The communication failure that led to Haas being disqualified from Monaco qualifying

Haas reveal the failure that led to their disqualification from qualifying in Monaco.

Haas VF-24 rear wing. Formula 1 World Championship, Rd 8, Monaco Grand Prix, Monte Carlo, Monaco, Race Day.-
Haas VF-24 rear wing. Formula 1 World Championship, Rd 8, Monaco Grand…

Haas have admitted that a communication breakdown led to both their cars being disqualified from F1 qualifying at the Monaco Grand Prix.

Nico Hulkenberg and Kevin Magnussen were thrown out of qualifying on Saturday evening after their rear wings failed an FIA inspection. It was discovered that the DRS clearance on both cars exceeded the maximum allowed opening of 85mm.

Hulkenberg and Magnussen will be allowed to start from the back of the grid.

"We had a new rear wing for Monaco, which was good," Haas team principal Ayao Komatsu explained.

"But the issue is it was designed a slightly different way, and then just a slight lack of communication from design intention to the guys who were doing the legality check on the trackside.

"The guys doing the legality check at trackside didn't realise this change in the concept, where is going to be the limit, which is at both extremities. On previous wings, the limit was always around the centre, so they checked it in the same way.

"It's no excuse. Regardless of any information, you should be checking across the whole span, but they weren't. They were just concentrating on more centre. Then just the last bit on both extremities, it was too wide because of that.”

Komatsu added: "If the designers made it absolutely clear that the design intentions are slightly different to the wings you've been using and you have to check it in this way, that would have helped.

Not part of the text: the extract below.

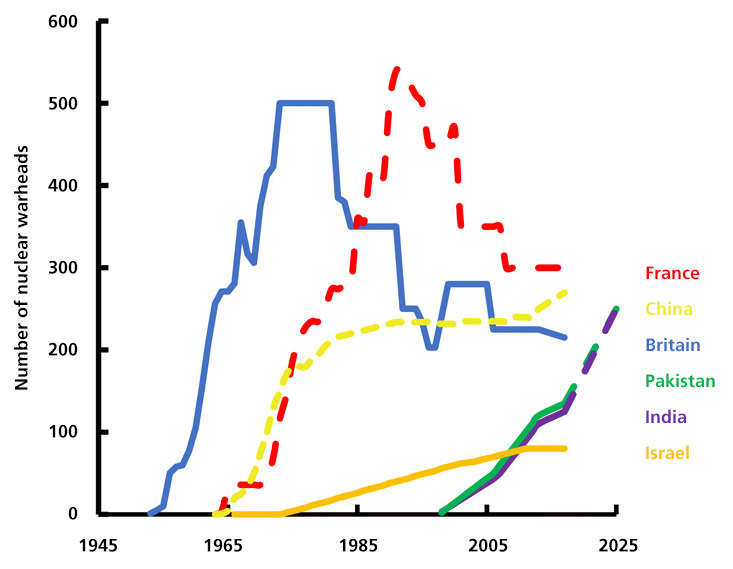 nuclear weapons future timeline 2025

"But at the same time, even without that information, the trackside legality check guys should have checked the whole legality surface. So it's just a failure in management sense, unfortunately.

"There's no performance gained, absolutely zero, but that's not the point. The car needs to be legal. So we just have to accept this as a failure of the team and then learn from it, make sure we don't make the same mistake again. We can’t.

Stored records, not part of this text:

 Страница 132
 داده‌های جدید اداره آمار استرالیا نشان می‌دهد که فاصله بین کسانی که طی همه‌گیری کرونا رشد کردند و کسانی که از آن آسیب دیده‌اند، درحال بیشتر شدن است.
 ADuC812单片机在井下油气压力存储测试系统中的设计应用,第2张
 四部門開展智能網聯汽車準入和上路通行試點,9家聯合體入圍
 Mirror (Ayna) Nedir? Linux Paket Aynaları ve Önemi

"I had a team meeting earlier this morning just to explain that. We just have to accept it as a team, take it on the chin. It's going to be a long afternoon in Monaco but we've only got ourselves to blame, so you have to take responsibility and move forward.

"Of course it is incredibly frustrating but there's nothing we can do at this minute, so we just have to learn from it and take it on the chin."